Last Updated 26 August 2015, 18:36 IST
The Competition Commission of India has penalised the Karnataka Film Chamber of Commerce (KFCC), the Karnataka Television Association (KTVA) and the Kannada Film Producers’ Association (KFPA) for their involvement “in activities that restricted the telecast of content in the form of television programmes and films of some other languages dubbed into Kannada language.”

The KFCC tried to defend itself by arguing that its byelaws did not “contain any restriction on other language films or programmes” and that it did not have the capacity to enforce restriction in the whole of Karnataka. It claimed that its membership was limited to Mysore-Karnataka and less than two-fifths of the single screen theatre owners were its members.

The KFCC also argued that dubbing resulted in “the loss of opportunity for local artistes.” The Commission rejected the KFCC’s defence and observed that trade associations “cannot become the self-appointed guardians of local language and culture and interfere with the market forces.”

Prima facie the order seems unobjectionable. The KFCC’s cultural/linguistic policing limits individual choice and facilitates the pursuit of commercial objectives in the name of defending Kannada. But we need to question the sanctity accorded to market competition and individual consumer choice by the Commission and ask if every sphere of human activity has to conform to the allegedly welfare and freedom/choice enhancing market norms.

At the outset, one has to concede that there are cases related to the entertainment industry over which the Commission has indisputable jurisdiction. For example, cases of misuse of dominant position by certain producers to limit the screens available to their competitors belonging to the same language group.

But, in the present case, and also in related cases decided in the past, the Commission’s order suffers from a major flaw. The order examines neither the nature of products of the entertainment industry, nor the relationship between the entertainment industry and other spheres of society, which would have helped decide if the Commission’s jurisdiction extended to the KFCC case.
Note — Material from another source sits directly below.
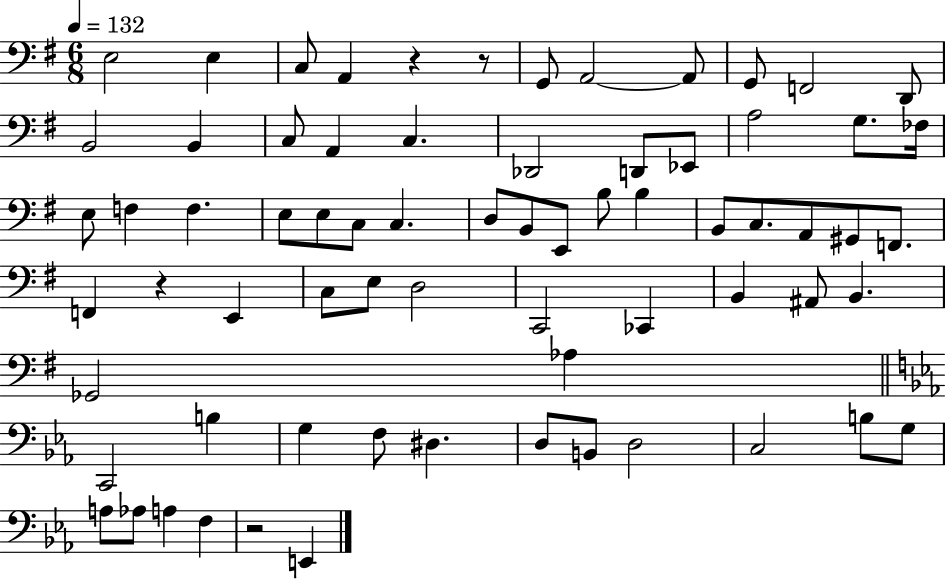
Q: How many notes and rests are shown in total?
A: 70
Four objections limit the Commission’s jurisdiction. First, the Commission assumes that economic efficiency should be the guiding principle in this case. But language preservation and economic efficiency are incommensurable objectives. As a regulatory body, the Commission is incompetent to choose between the two. In fact, by imposing its choice, the Commission has stepped into the domain of the legislature.

Second, the Commission does not have the know-how to assess the non-market consequences of unchecked competition in the entertainment industry. In fact, the Commission does not even care to list the possible interrelationships between entertainment industry and the other spheres of society, let alone analyse how the latter might be affected by the decline of a language in the entertainment industry.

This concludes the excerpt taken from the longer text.